Smad signaling pathway bation with cinacalcet or NPS R568 increased the potency of Cao 2 for mediating Cai 2 mobilization, whereas NPS 2143 decreased Cao 2 potency, in a concentration dependent manner. Surprisingly, the Emax was also reduced in the presence of high concentrations of all three modulators. This effect was subsequently determined to be a function of modulator preincubation time, reduction in the preincubation period abolished the modulator effects onmaximal agonist responsiveness but also attenuated the degree of positive or negative modulation of agonist potency. The latter finding likely reflects a lack of equilibrium of the modulator due to the short exposure time, and thus, all subsequent analyses were performed on data derived from experiments using the longer preincubation time of 20 min. Another consistent feature of the effects of the positive allosteric modulators was noted on the Cao 2 C/R curveshape. Specifically, the C/R curve Hill slopes became progressively shallower with increasing calcimimetic concentrations. In the case of Cai 2 mobilization, they exhibited Hill mGluR slope values of nH3.85 0.42 in the presence of 30 nM cinacalcet and nH 3.65 0.18 in the presence of 3 M NPS R568.

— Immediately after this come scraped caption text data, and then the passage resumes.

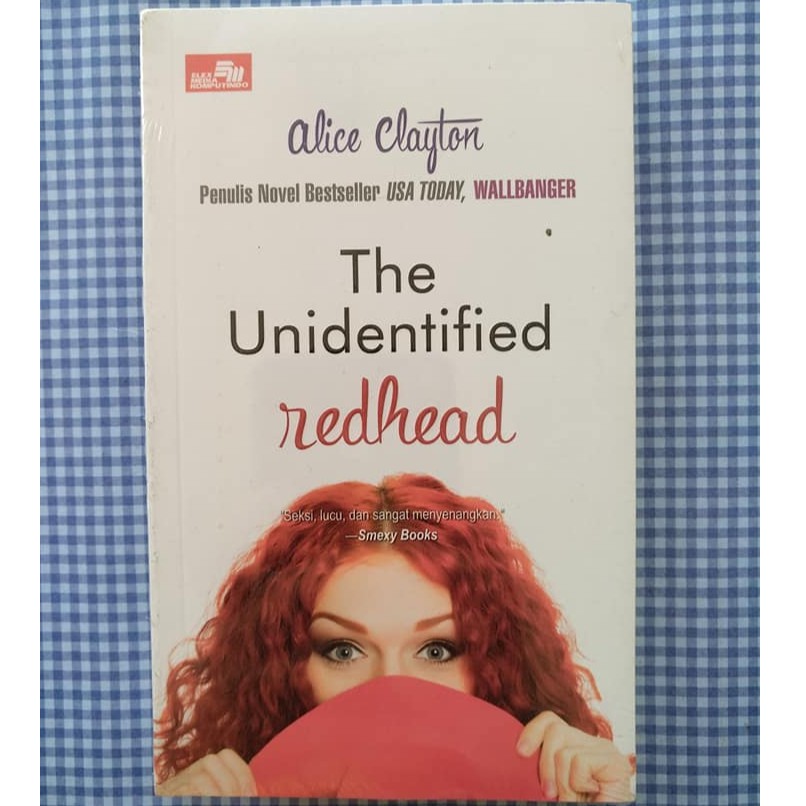 [CR] Alice Clayton - The Unidentified Redhead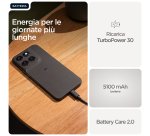 Motorola moto g77 Camera 108MP Dual SIM ibrida Android 16.0 5G USB tipo-C 8 GB 256 GB 5200 mAh Nero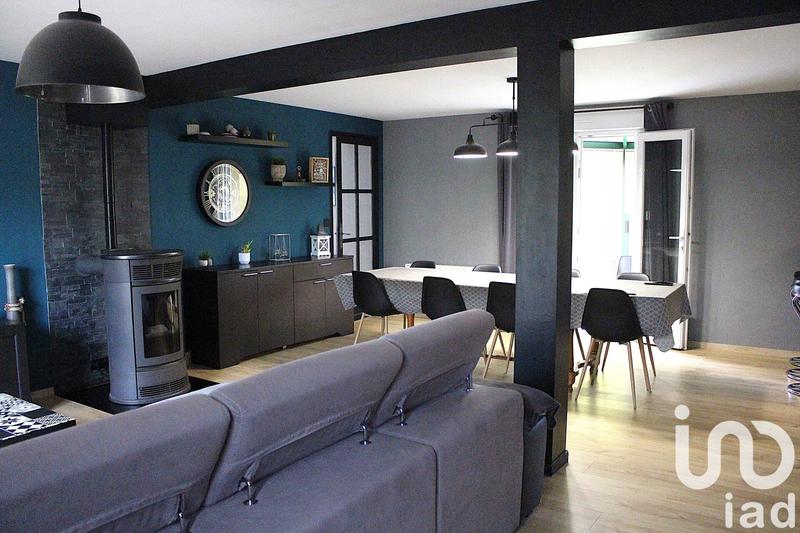 Maison - 139 m² - 6 pièces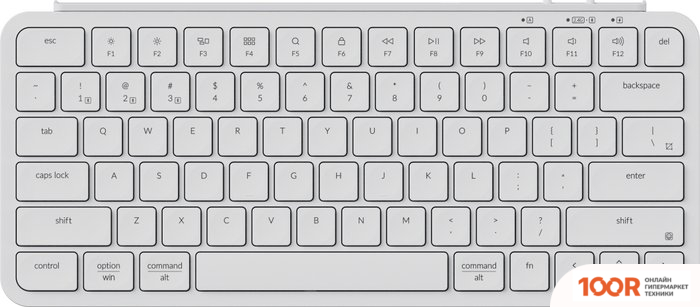 Клавиатура Keychron B1 PRO B1P-K8-RU (БЕЛЫЙ) (71843)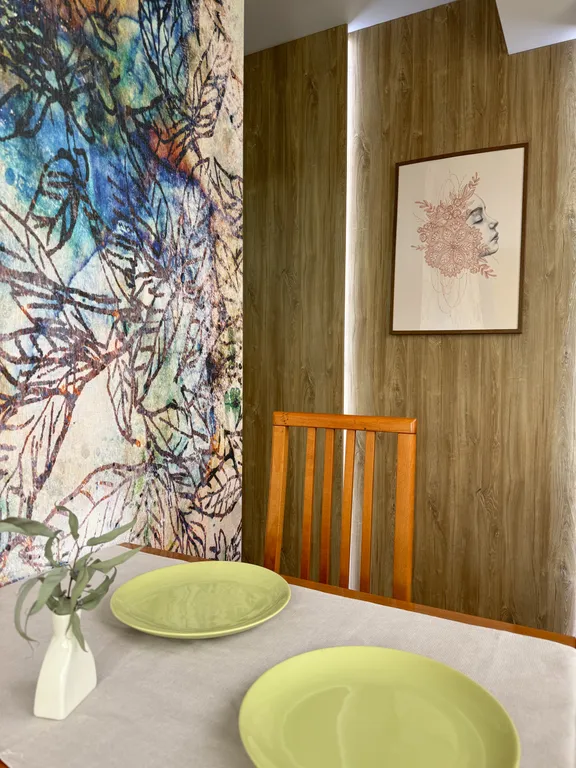 Семейная квартира у моря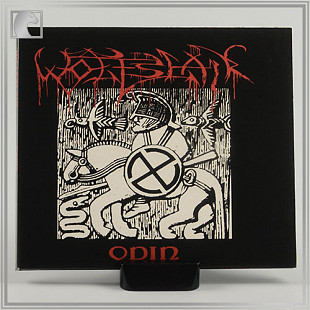 WOLFSLAIR "Odin" digipack cd
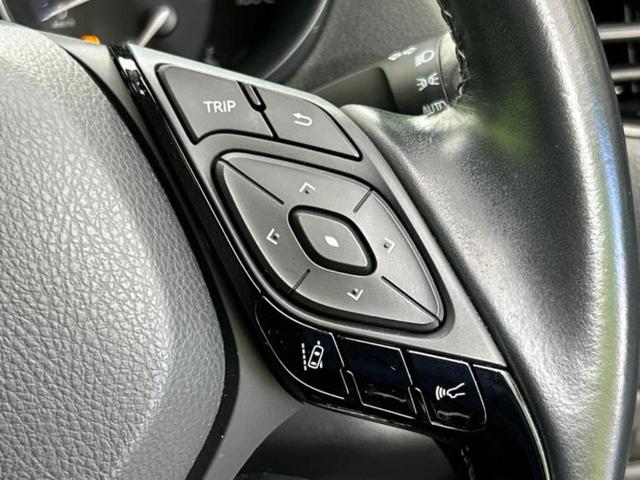 C-HR S LEDパッケージ 保証書/純正 SDナビ/衝突安全装置/車線逸脱防止支援システム/パーキングアシスト バックガイド/ドライブレコーダー 社外/ヘッドランプ LED/Bluetooth接続/ETC 衝突被害軽減システム(23枚目)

This finding may reflect complex changes in the cooperative binding of Cao 2 to the CaSR in the presence of modulator or modulator induced changes in the stimulus response bcr-abl coupling of the CaSR. An attractive alternative explanation is allosteric potentiation of CaSR agonists, e.g. Cao 2 and/or Mgo 2 present at basal concentrations in the medium. Theoretical allosteric receptor model simulations incorporating ambient orthosteric agonist recapitulated these findings, indicating that this is the most parsimonious explanation of the data. Additionalexperiments in which the Cao 2 in the buffer was increased from 0.1 to 1 mM also demonstrated a greater relative shallowing of the Hill slope in the presence of cinacalcet. When these experiments were repeated using pERK1/2 or PM ruffling as functional measures of CaSR activation, similar observations were made with regard to the direction of modulator effects on orthosteric agonist potency and the effects of calcimimeticsonthe Hill slope. However, itwasalso noted that thePMruffling assay was substantially more sensitive to lower concentrations of allosteric modulator than either theCai 2mobilization Marbofloxacin orpERK1/2assays and that the modulator had no significant effect on the agonist maximal response.
Quantification of stimulus bias engendered by cinacalcet, NPS R568, and NPS 2143 In operational terms, allosteric modulator effects are described by the following: 1 the avidity with which the modulator binds to the allosteric site on its receptor, 2 the magnitude and direction of the mortality allosteric effect on the binding affinity of the orthosteric ligand, and 3 the magnitude and direction of the allosteric effect on the signaling efficacy of the orthosteric ligand. It is often not possible to determine each of these parameters separately for many GPCRs, especially in the absence of commercially available radioli gand binding assays for the CaSR, but the composite cooperativity parameter, can be derived from functional datasets as a global measure of allosteric modulation, together with the modulator KB value. In terms of these ligand.